Meditatie: De weg des levens
Spreuken 15:24
„De weg des levens is den verstandige naar boven, opdat hij afwijke van de hel beneden.”
Als de zon schijnt, legt Gods kind alle last en de zonde die hem zo lichtelijk omringt af. De ergste van deze zonden is zijn ongeloof. „De wijsheid des kloekzinnigen is zijn weg te verstaan” (Spreuken 14:8). Zo’n ziel weet dat Gods weg anders is dan zijn weg en dat deze verborgen is voor het licht van de natuur. Hij weet dat wij deze weg niet kunnen zien, tenzij God hem verlicht, hoewel zo veel aanzienlijke mensen hebben geprobeerd om hem bloot te leggen.

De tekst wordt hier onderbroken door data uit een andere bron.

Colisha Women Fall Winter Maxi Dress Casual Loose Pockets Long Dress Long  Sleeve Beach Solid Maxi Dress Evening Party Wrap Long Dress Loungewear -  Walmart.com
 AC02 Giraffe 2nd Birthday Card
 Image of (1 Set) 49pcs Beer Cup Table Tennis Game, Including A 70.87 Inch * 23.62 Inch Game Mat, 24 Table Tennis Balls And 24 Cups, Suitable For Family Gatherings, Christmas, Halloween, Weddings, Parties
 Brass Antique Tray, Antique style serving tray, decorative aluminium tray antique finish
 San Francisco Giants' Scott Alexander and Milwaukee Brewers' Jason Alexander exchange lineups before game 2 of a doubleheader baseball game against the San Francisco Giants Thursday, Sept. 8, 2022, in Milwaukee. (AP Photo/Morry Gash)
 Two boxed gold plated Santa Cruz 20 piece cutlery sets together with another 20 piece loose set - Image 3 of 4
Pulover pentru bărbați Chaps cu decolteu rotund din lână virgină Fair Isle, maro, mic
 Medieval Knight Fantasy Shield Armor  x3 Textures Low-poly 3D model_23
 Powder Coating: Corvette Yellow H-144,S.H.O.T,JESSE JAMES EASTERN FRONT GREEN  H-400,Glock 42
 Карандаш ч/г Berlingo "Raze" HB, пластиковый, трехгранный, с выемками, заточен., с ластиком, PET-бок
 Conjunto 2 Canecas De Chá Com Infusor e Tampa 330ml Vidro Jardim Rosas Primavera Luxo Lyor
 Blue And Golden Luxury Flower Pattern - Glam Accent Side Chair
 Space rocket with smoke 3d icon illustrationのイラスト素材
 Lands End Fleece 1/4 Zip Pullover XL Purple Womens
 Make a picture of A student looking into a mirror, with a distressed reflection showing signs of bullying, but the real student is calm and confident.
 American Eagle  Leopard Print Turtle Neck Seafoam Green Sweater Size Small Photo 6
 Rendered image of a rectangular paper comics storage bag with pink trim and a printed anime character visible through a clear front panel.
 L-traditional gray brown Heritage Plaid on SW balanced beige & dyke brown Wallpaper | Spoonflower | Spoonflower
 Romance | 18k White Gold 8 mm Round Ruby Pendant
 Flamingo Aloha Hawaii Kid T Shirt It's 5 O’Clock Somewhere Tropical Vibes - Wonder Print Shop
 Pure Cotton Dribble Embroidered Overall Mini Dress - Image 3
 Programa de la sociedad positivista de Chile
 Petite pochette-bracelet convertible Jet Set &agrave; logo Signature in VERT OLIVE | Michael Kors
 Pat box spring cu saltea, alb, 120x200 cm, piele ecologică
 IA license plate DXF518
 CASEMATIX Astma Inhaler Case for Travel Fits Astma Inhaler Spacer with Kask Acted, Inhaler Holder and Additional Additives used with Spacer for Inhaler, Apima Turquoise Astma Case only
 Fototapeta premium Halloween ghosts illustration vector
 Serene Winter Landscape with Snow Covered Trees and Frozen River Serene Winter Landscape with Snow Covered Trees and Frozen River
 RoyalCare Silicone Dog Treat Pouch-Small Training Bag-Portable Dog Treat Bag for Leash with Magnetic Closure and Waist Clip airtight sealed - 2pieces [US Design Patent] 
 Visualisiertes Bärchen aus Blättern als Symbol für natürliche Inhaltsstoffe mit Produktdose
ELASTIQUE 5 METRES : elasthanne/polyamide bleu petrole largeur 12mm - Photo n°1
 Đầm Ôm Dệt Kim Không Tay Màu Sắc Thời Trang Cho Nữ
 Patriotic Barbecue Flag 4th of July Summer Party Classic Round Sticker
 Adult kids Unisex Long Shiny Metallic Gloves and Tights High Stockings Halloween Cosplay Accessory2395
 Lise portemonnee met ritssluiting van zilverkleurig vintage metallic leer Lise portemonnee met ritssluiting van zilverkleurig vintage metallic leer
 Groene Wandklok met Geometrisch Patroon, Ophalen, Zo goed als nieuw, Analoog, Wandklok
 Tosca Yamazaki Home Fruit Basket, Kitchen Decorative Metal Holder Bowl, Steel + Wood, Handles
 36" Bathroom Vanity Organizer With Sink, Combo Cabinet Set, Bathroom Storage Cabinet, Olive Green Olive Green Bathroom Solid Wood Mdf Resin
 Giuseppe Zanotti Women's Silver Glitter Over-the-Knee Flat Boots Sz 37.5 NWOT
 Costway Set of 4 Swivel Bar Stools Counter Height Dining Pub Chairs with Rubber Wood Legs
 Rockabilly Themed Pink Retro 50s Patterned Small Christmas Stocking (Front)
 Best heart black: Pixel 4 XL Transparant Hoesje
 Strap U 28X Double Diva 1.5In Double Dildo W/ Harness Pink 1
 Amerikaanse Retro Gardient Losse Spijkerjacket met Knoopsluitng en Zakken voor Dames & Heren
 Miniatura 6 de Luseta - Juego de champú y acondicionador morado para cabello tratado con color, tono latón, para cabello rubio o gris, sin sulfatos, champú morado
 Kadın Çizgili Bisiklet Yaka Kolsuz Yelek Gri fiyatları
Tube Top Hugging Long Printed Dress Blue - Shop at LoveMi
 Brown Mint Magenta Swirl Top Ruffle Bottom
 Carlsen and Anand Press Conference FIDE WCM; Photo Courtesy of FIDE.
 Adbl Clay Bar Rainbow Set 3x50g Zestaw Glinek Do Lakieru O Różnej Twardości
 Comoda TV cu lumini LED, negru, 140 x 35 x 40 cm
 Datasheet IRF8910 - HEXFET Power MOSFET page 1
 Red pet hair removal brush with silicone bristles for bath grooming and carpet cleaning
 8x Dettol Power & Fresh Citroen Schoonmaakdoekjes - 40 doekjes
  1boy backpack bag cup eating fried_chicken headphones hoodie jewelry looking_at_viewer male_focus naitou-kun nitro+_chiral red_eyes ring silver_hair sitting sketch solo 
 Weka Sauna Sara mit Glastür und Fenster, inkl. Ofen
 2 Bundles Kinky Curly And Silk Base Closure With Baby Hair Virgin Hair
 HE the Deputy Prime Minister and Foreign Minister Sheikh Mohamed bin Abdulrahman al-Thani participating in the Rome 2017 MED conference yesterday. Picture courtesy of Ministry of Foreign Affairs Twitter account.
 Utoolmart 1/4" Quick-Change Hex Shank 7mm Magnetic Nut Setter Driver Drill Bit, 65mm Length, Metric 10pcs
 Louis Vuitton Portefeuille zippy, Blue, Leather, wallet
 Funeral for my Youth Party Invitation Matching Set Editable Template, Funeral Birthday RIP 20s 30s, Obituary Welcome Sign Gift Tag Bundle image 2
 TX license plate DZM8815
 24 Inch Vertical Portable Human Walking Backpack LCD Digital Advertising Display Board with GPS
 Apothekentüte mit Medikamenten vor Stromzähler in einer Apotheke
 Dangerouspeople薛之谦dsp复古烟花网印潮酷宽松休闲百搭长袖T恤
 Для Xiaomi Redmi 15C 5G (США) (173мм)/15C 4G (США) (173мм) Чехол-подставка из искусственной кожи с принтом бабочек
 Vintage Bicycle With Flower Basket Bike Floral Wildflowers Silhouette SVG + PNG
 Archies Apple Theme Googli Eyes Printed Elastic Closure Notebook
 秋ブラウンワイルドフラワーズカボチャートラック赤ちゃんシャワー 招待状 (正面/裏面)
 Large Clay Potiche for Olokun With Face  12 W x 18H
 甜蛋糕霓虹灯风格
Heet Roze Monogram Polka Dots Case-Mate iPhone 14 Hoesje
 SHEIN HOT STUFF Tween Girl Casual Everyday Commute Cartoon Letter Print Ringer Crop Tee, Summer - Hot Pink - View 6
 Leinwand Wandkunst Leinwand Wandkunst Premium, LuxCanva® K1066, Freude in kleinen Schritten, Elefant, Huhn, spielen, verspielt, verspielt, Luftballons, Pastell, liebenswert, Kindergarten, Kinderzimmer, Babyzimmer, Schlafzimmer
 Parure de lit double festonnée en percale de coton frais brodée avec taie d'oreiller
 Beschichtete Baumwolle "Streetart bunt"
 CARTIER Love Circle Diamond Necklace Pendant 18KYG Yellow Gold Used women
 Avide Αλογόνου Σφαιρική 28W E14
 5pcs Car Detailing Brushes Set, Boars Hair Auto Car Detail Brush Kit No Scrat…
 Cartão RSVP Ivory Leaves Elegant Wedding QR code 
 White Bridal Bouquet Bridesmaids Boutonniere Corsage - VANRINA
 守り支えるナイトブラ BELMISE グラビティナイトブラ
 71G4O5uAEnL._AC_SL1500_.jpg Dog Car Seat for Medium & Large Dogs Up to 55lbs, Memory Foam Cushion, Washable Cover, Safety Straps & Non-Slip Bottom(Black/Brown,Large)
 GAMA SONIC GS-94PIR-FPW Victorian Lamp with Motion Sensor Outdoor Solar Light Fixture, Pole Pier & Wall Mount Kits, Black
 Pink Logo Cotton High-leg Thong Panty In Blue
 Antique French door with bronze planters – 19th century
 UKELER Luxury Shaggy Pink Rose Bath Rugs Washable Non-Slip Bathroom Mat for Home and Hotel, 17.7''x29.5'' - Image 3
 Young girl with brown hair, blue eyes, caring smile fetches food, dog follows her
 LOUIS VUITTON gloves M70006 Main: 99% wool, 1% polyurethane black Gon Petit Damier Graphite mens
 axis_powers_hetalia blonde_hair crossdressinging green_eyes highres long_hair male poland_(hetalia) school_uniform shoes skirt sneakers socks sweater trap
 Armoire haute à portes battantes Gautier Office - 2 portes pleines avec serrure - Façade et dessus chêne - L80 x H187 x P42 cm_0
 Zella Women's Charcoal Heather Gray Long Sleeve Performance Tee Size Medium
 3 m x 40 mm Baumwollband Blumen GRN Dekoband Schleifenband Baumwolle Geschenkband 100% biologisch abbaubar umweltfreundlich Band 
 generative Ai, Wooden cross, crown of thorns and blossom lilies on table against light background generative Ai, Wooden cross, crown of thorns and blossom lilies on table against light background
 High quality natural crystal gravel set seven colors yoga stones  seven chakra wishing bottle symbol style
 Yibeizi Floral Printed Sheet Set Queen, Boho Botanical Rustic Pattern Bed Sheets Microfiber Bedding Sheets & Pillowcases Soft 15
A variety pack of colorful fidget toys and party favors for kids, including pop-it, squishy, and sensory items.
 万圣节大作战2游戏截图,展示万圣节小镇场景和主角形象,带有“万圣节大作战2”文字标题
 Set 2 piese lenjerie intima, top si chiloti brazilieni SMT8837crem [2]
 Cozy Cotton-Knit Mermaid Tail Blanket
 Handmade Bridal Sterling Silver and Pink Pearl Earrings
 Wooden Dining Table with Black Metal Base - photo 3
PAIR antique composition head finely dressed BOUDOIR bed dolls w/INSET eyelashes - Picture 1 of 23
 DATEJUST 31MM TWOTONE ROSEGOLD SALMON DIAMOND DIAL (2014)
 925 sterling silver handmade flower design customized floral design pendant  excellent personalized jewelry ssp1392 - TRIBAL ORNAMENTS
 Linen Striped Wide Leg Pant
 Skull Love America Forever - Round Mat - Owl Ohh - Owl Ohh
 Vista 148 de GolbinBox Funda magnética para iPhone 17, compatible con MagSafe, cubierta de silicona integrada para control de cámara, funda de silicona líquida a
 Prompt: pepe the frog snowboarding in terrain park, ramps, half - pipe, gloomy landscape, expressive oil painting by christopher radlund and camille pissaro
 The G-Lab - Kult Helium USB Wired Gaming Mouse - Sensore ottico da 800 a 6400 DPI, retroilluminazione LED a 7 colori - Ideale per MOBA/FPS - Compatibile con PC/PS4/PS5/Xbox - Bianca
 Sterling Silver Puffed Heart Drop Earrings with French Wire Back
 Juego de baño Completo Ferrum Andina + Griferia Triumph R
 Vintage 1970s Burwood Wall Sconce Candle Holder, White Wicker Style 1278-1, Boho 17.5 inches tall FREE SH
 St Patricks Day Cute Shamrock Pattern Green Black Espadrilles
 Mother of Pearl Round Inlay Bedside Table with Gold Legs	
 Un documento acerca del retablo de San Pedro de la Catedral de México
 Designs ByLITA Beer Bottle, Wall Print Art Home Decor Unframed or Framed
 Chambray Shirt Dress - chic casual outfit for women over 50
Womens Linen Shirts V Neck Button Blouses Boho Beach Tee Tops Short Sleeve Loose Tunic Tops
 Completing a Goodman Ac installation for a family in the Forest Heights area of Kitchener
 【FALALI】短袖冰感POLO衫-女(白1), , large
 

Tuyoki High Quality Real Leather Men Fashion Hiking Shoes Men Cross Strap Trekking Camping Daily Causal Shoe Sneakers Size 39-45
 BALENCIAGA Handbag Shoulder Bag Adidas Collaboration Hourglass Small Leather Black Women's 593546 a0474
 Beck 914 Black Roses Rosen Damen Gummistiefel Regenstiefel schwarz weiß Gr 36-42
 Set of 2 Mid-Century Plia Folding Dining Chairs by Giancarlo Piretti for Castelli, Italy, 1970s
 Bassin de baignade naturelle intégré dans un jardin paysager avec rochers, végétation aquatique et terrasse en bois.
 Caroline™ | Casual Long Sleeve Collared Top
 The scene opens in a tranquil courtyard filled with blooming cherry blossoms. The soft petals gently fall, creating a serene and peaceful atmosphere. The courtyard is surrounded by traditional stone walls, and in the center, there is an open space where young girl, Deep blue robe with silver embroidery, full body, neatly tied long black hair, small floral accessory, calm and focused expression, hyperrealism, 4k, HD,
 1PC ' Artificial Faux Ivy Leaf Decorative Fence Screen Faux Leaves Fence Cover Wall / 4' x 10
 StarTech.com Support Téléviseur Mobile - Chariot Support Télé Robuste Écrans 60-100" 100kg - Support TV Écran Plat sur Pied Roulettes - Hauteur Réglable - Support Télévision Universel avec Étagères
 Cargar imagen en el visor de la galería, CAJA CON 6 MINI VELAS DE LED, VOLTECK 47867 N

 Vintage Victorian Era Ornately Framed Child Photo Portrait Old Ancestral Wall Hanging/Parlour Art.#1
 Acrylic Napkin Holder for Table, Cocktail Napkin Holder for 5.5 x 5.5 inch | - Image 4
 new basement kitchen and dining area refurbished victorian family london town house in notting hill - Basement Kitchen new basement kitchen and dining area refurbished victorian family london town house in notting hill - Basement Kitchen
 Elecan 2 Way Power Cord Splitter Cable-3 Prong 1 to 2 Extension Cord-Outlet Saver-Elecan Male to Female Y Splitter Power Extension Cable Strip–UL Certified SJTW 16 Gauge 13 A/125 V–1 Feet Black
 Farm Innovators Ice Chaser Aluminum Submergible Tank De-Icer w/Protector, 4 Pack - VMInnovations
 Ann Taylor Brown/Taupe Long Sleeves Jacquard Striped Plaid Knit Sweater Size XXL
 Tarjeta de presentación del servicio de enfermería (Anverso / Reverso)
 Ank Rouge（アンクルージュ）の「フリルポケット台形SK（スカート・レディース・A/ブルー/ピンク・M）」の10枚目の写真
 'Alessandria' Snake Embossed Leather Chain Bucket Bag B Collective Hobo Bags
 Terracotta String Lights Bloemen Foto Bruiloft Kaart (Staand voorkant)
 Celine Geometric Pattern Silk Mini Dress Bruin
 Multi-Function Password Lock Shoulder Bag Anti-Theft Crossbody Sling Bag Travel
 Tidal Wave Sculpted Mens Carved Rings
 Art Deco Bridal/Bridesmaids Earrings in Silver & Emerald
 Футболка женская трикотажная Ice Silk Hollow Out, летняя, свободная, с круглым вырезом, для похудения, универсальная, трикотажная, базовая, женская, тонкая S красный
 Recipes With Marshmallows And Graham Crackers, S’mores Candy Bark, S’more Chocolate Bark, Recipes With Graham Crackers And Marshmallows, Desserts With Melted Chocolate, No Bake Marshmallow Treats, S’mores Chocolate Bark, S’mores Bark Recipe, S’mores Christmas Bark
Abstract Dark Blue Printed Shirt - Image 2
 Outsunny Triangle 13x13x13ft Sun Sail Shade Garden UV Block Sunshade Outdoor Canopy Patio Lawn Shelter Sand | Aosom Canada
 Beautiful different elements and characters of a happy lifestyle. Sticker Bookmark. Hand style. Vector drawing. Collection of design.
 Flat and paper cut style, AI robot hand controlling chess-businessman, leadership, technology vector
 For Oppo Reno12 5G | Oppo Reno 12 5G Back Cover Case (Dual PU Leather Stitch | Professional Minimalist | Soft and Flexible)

Daarom zoekt hij die weg in het Woord, vraagt hij de beste gidsen om aanwijzingen, steunt hij op Gods arm, leunt hij op zijn Geliefde en volgt hij de bevelen van de Heilige Geest op. Als hij de goedkeuring van Christus en zijn geweten gevoelt, zijn de wegen der wijsheid, „wegen der lieflijkheid, en al haar paden vrede” (Spreuken 3:17). „De weg des levens is den verstandige naar boven, opdat hij afwijke van de hel beneden” (Spreuken 15:24). De wijsheid van deze arme ziel ligt in de kennis van hetgeen aangenaam is voor God. Hij weet dat hij zonder vergeving van zonden de hemel niet kan binnengaan, want „in haar zal niet inkomen iets dat ontreinigt” (Openbaring 21:27). Zonder heiligmaking, door de Geest gewerkt, zal niemand de Heere zien en zonder een toegerekende rechtvaardigheid zal niemand aangenomen worden (1 Korinthe 6:9; Openbaring 22:15).